Lecture 8 Flashcards
Correlation, Regression and Modelling
2 Types of Correlation:
Linear and Curvilinear
What is Correlation?
When there is a strong relationship between two variables
How is strength of correlation measured?
A correlation coefficient. “Ρ” (rho) is used to describe population data correlation. “r” is used when describing sample data
Most common measure of correlation
Pearson Correlation Coefficient
Limitations of Correlation
Cannot make statements about cause and effect from correlation alone. Correlation and significance are not the same thing. Correlation tells us about linear relationships between variables – BUT many variables can be strongly related but the nature of this relationship is nonlinear (E.g. effort to go from 0% - 20% on an exam is not the same as the effort to go from 60% to 80%)

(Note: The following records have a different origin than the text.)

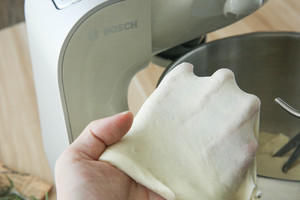 愉悦|超快手意式佛卡夏面包，外酥内软让人一下子就心情愉悦、胃口大开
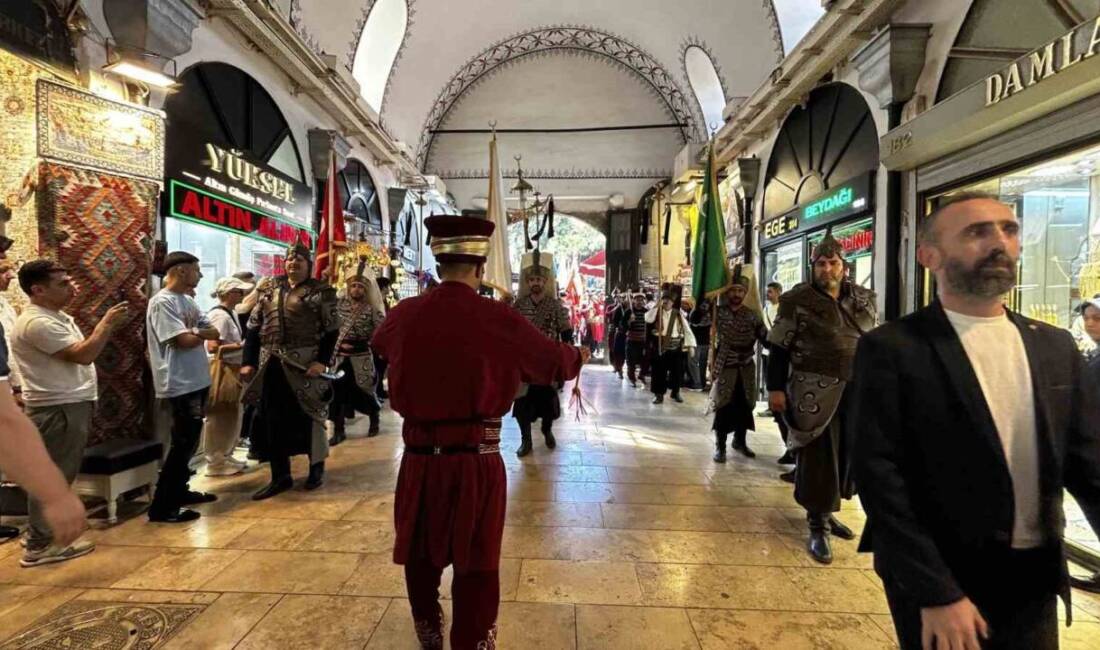 İstanbul Beyazıt Meydanı’nda 38. Ahilik Haftası etkinlikleri düzenlendi. Esnaf, İstanbul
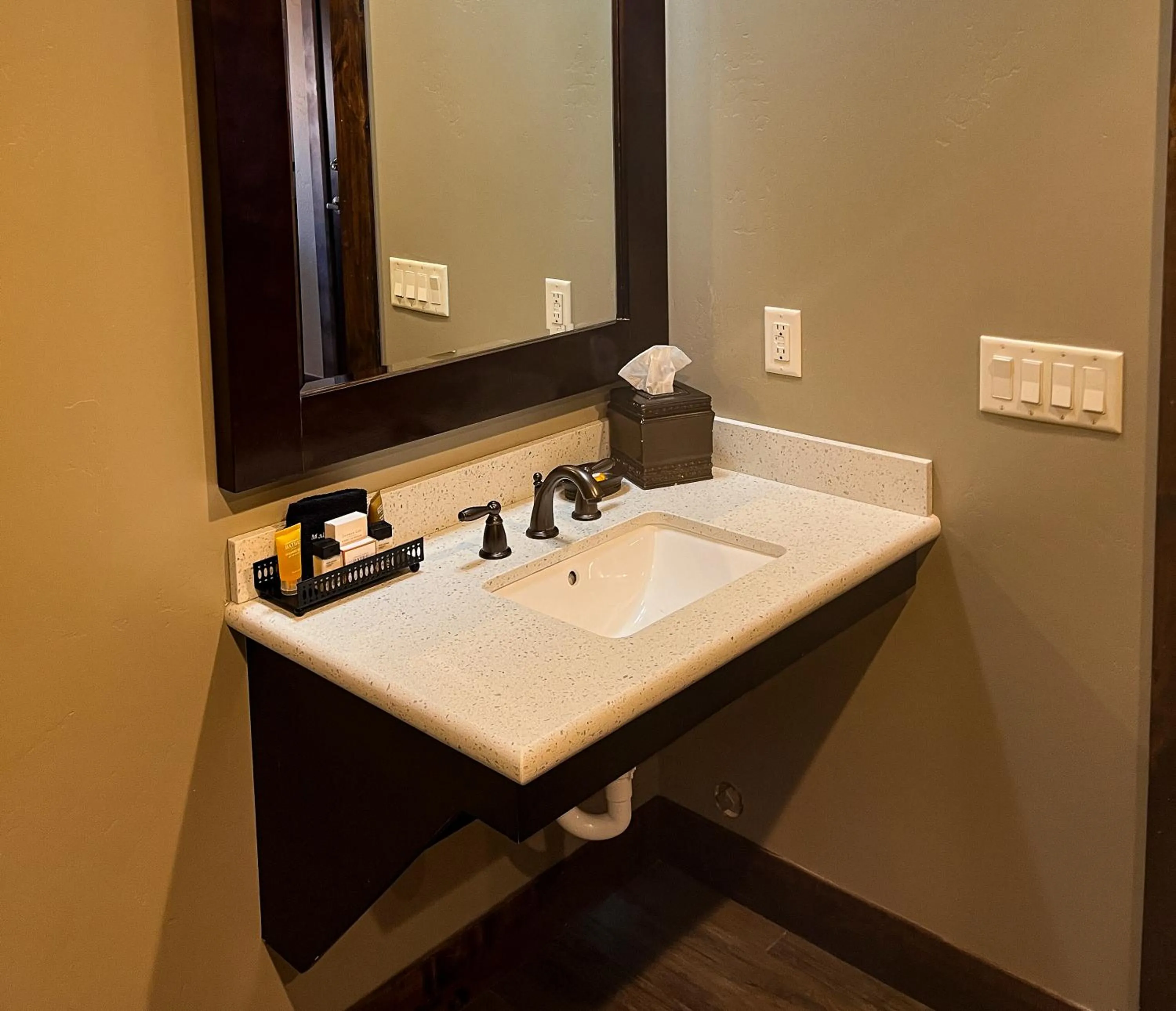 Bathroom in Desert Rose Resort & Cabins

Type of modelling used to display data
Empirical modelling
Explanatory variables
Determined by the experimenter. Could be known as: Independent variable, regressor, predictor. Found on horizontal axis.
Response variables
Changes as a result of changes to the explanatory variable. AKA: Outcome variable, dependent variable, measured variable. Found on vertical axis
Regression Equation:
Y = 𝜶̂ + 𝜷X ̂
In the Least Squares model, we want to chose values for α and β that minimise the sum of the squared errors
What are residuals?
Represent the difference between the observed values and the predicted values
Regression Analysis Limit
Upper and lower limits may exist, model usually only useful for predictions within the measured range. Take care when extrapolating!
Regression Analysis
A method to assess and quantify the relationship between one variable (the dependent variable) and one (or more) independent variables
Linear Regression
Used when there is a linear relationship between the variables (dependent and independent). Typically used to calculate an R-Squared (goodness-of-fit) measure
R-Squared Measure
Tells us the proportion of variability in the response that is accounted for by the model.
R-squared =1: line perfectly explains data (never happens)
R-squared = 0: model explains no variation